Memudarnya Warna Nasionalisme Pemuda



DIDIK EDI NURAJI, S.Sos, MM.
Alumni Pasca Sarjana STIEKN Jayanegara Malang


Masa Muda adalah masa kekuatan prima seorang manusia. Kekuatan dan semangat yang terus  menggelora dari seorang pemuda. Tidaklah mengherankan jika pemuda dan mahasiswa sering kali menjadi tumpuan dalam setiap perubahan bagi suatu negara. Yang banyak terjadi, akhir-akhir ini yang terjadi semangat nasionalisme pada pemuda makin memprihatinkan, padahal semangat nasionalisme pemuda menjadi fundamental pembangunan nasional masa depan.
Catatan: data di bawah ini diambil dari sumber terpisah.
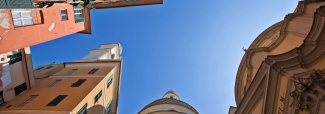 Uno scorcio di cielo sui vicoli del centro storico- foto stefano goldberg-publifoto 
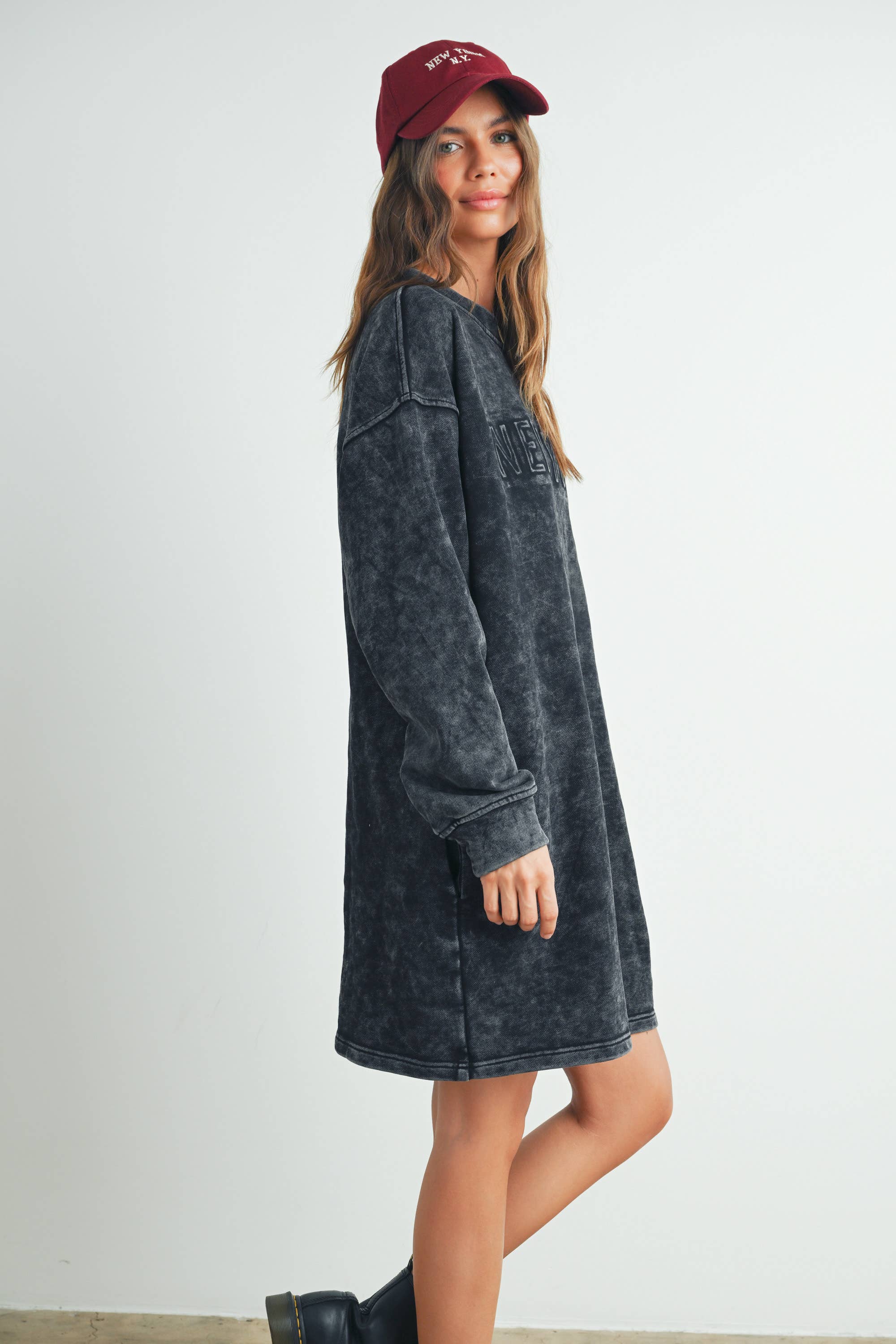 BUTTERMELON – Engroshandel Kjole - Dame – Lang acid wash sweatshirt-kjole - BMD753841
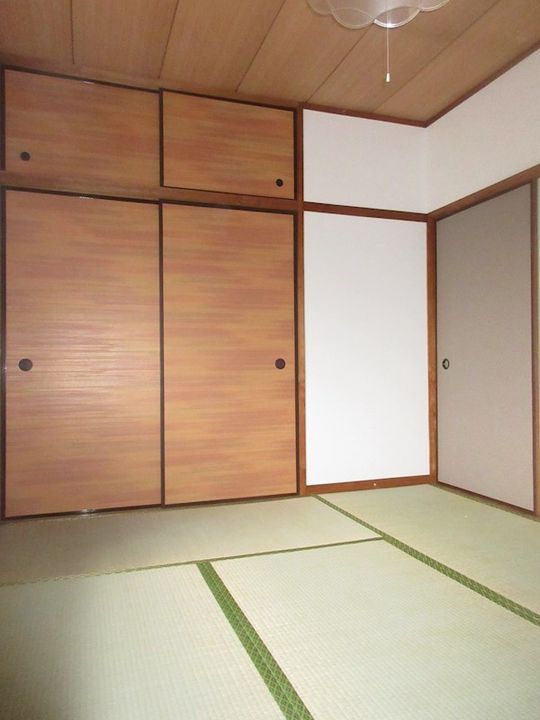 旭ルーミーNo.20番館の内装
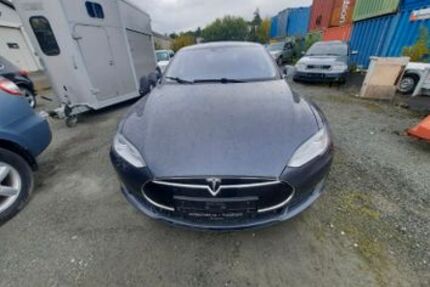 Tesla Model S 285.196 km 21.000 &euro; Goldbach 63773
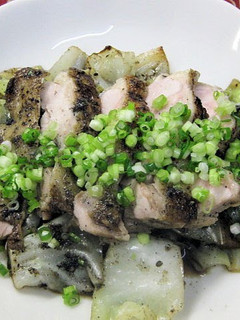 A picture of Korean-Style Chicken & Cabbage.
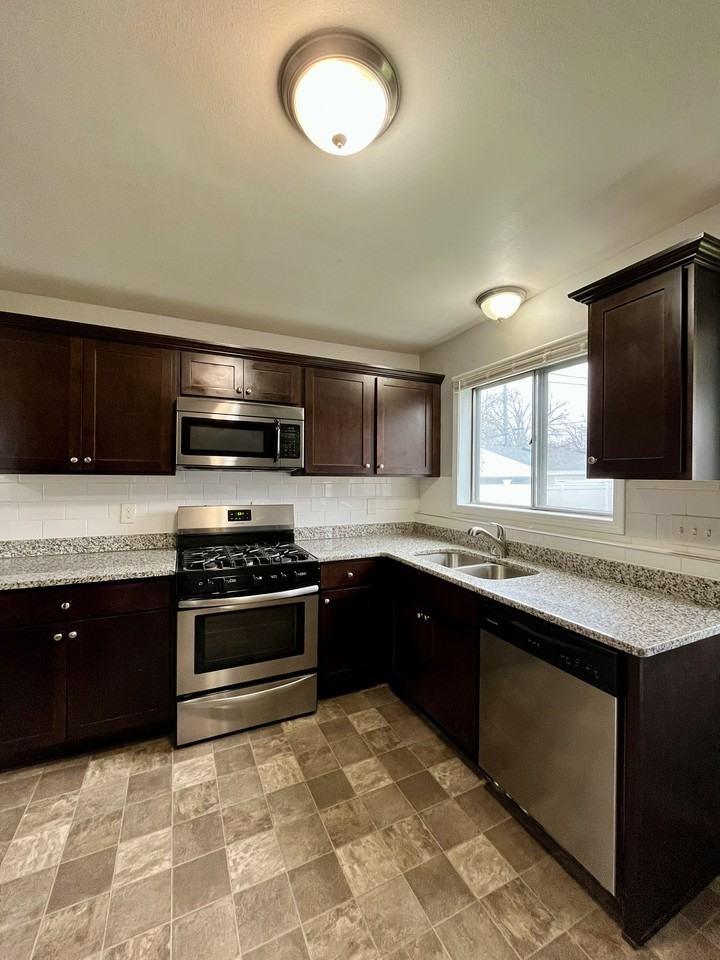 4656 Detroit St #1 - Photo 4 of 15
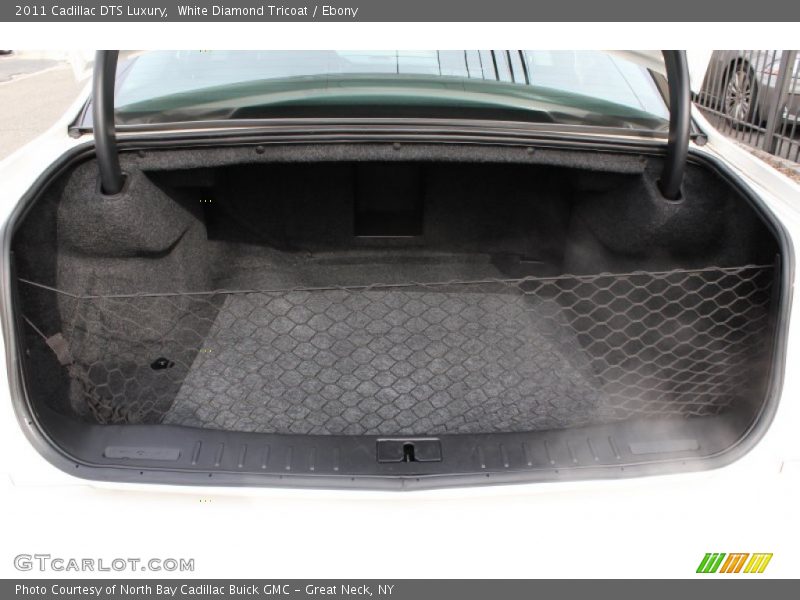 White Diamond Tricoat / Ebony 2011 Cadillac DTS Luxury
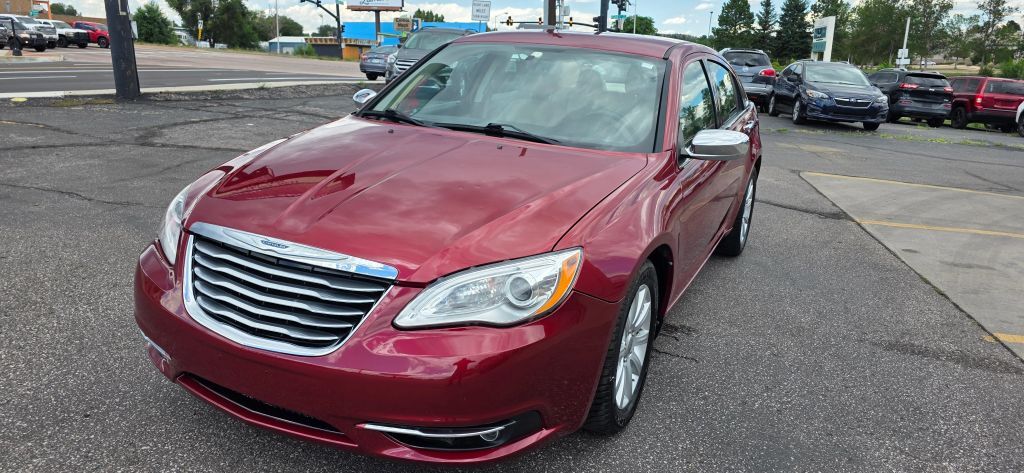 2013 CHRYSLER 200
Besarnya semangat dan kekuatan yang dimiliki oleh pemuda sampai menggerakan hati Bung Karno dalam salah satu kalimatnya, "Beri aku sepuluh pemuda, niscaya akan kuguncangkan dunia",   kata-kata Soekarno ini membuktikan bahwa pemuda dengan nasionalismenya merupakan kekuatan maha dahsyat yang mampu melawan tirani dan dapat meruntuhkan suatu rezim tertentu. Memang tidak dapat dipungkiri lagi, nasionalisme para pemuda telah mampu menorehkan tinta emas dalam sejarahnya, khususnya dalam menggiring reformasi bangsa ini.
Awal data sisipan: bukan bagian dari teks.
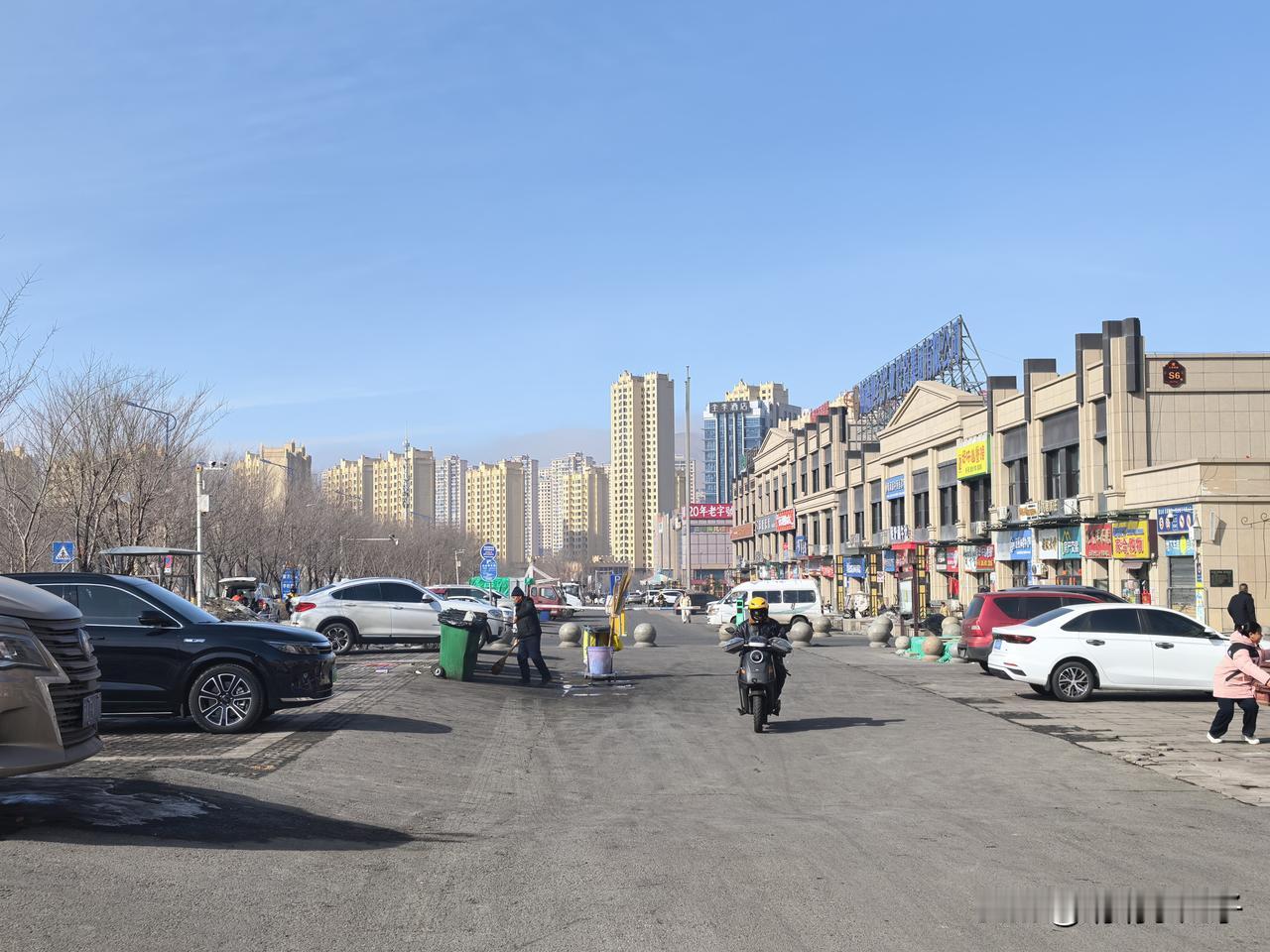 今天接到热力公司电话，提醒10号前别忘了交暖气费，不然就要收3‰的滞纳金。但为了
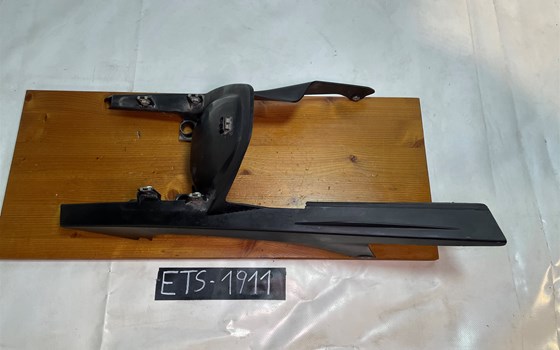 KTM RC 390 2016 Kotflügel hinten Kettenschutz Spritzschutz - Bild 1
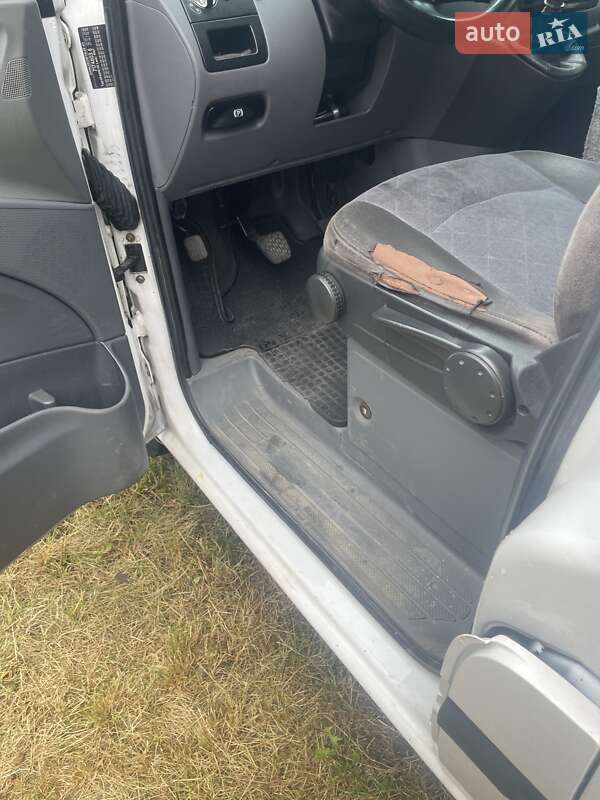 Мінівен Mercedes-Benz Vito 2005 в Снятині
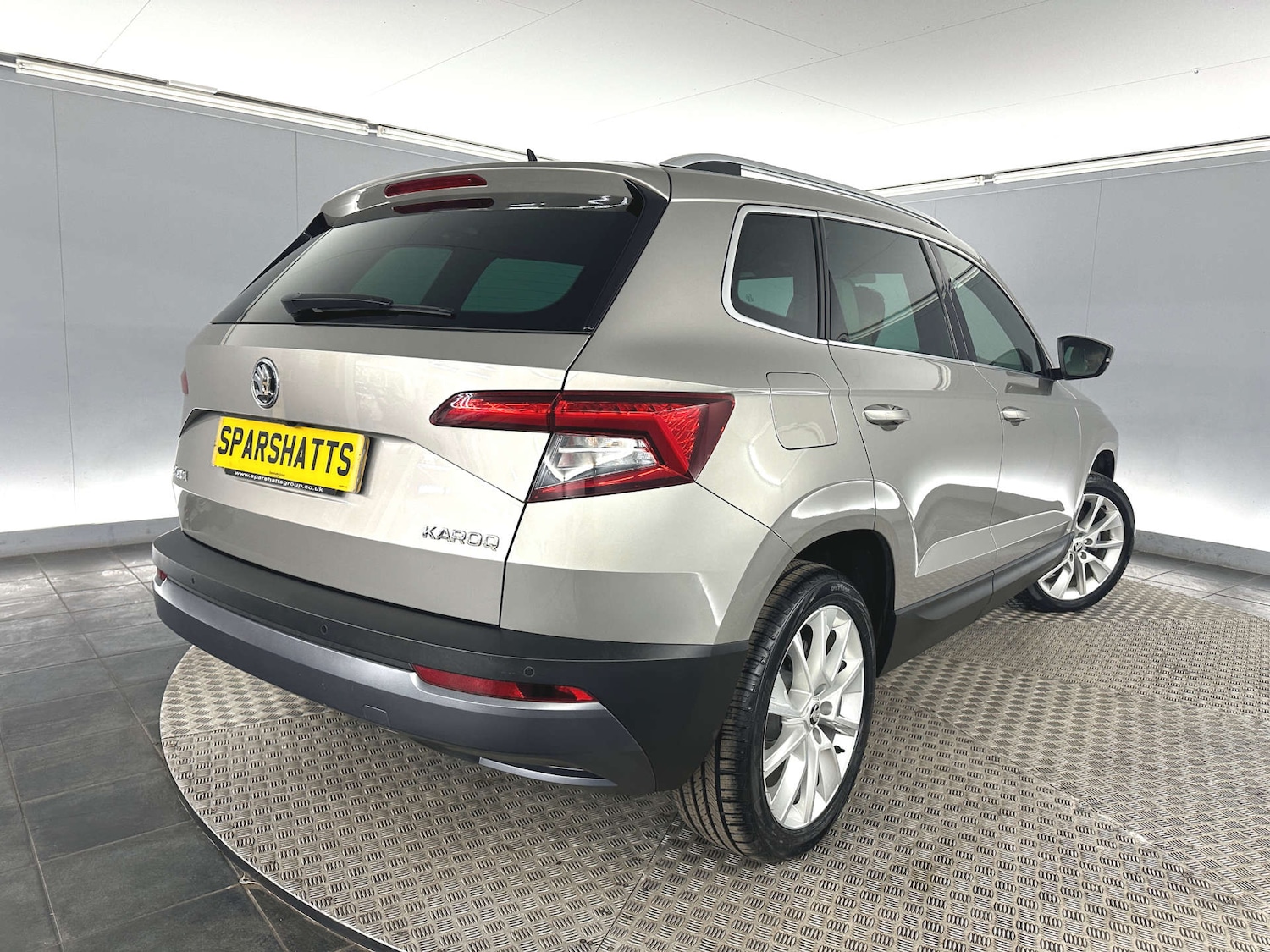 Used Skoda Karoq 2018 for sale - 77930575: Photo 7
Sumpah Pemuda yang dideklarasikan 28 Oktober 1928, merupakan sejarah sekaligus sebagai bukti akan tingginya nasionalisme pemuda. Rasa nasionalisme yang dilahirkan dalam sumpah tersebut merupakan sejarah yang menunjukkan begitu dominannya peran pemuda, terutama dalam usaha menghapus kolonialisme. Mulai era Kebangkitan Nasional tahun 1908, Sumpah Pemuda 1928, hingga Kemerdekaan Republik Indonesia 1945, pemuda selalu menduduki peranan penting. Bahkan, pasca kemerdekaan, pemuda Indonesia masih menjadi elemen penting sebagai pendorong reformasi di negeri ini.
Peristiwa reformasi bangsa Indonesia pada tahun 1998 juga tidak dapat dilepaskan dari peran nasionalisme para pemuda, baik dari kalangan mahasiswa, aktivis, maupun simpatisan-simpatisannya. Nasionalisme inilah yang meruntuhkan rezim Orde Baru yang telah lama berkuasa di Indonesia. Inilah sedikit bukti akan peran nasionalisme pemuda dalam sejarah bangsa Indonesia.
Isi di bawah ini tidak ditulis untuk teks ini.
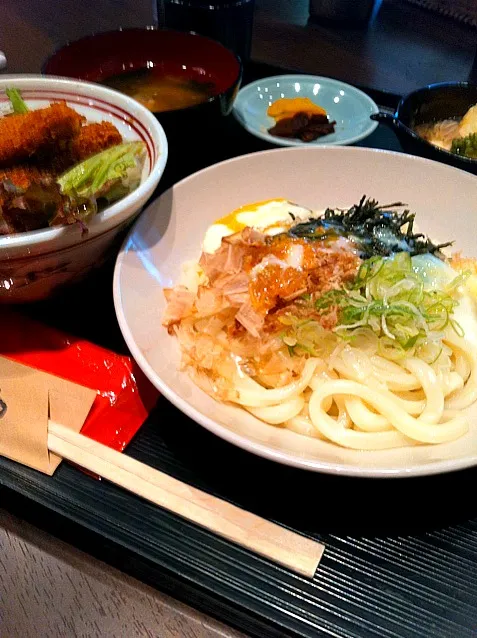 う丼定食|twovkさん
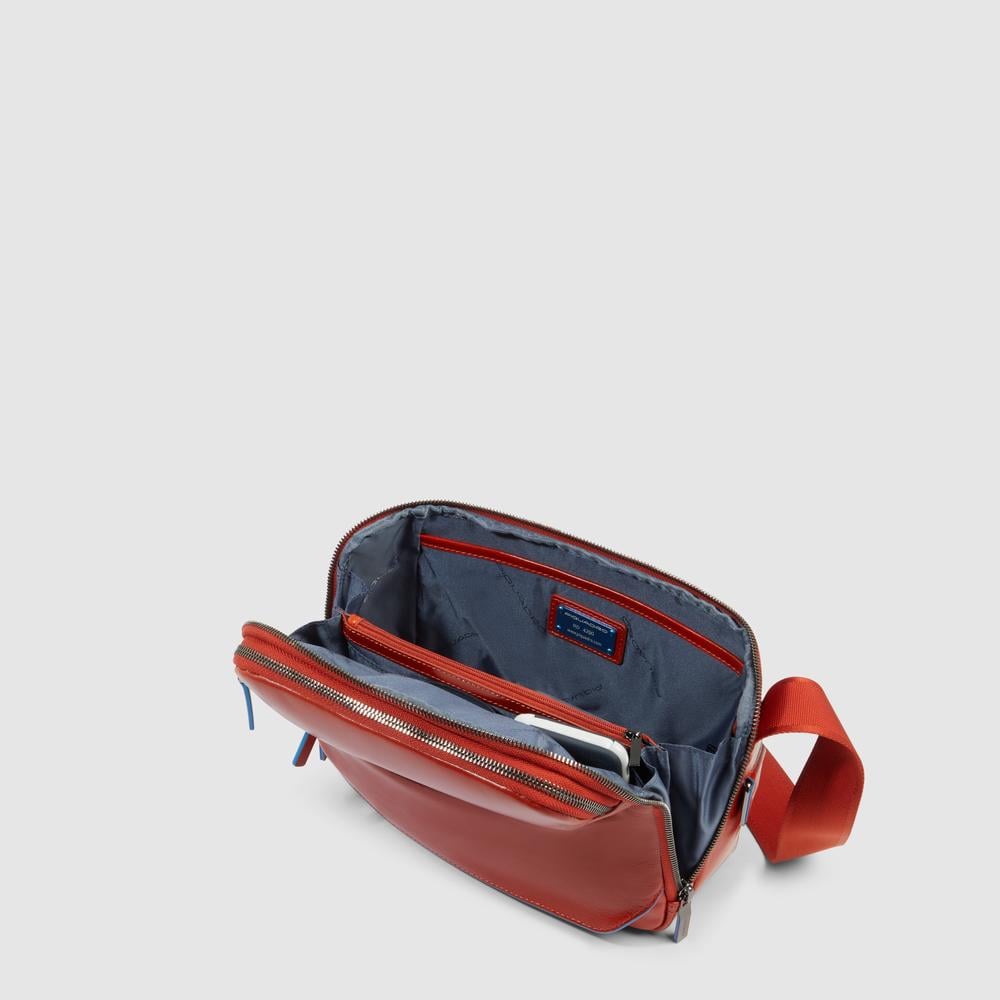 Customizable crossbody bag for iPad® mini with pockets for mouse and airpods and RFID protection. PIQUADRO Brown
Akan tetapi dewasa ini, peran nasionalisme pemuda sebagai agent of change seolah mulai pudar dan luntur. Jangankan menjadi pendorong reformasi di negara ini, mencari para pemuda yang mengerti akan butir-butir sila dari Pancasila begitu sulit, sebuah survei yang dilakukan oleh salah satu media terhadap pemuda yang mengerti butir-butir Pancasila, hanya menemukan 3 dari sepuluh pemuda. Ini sungguh sebuah kenyataan yang mengiris hati kita. Malah terkadang eksistensi pemuda selalu memperburuk keadaan Indonesia. Survei itu juga menyebutkan, tawuran maupun kekisruhan yang terjadi di Indonesia saat ini, 75% didalangi oleh pemuda-pemuda bangsa.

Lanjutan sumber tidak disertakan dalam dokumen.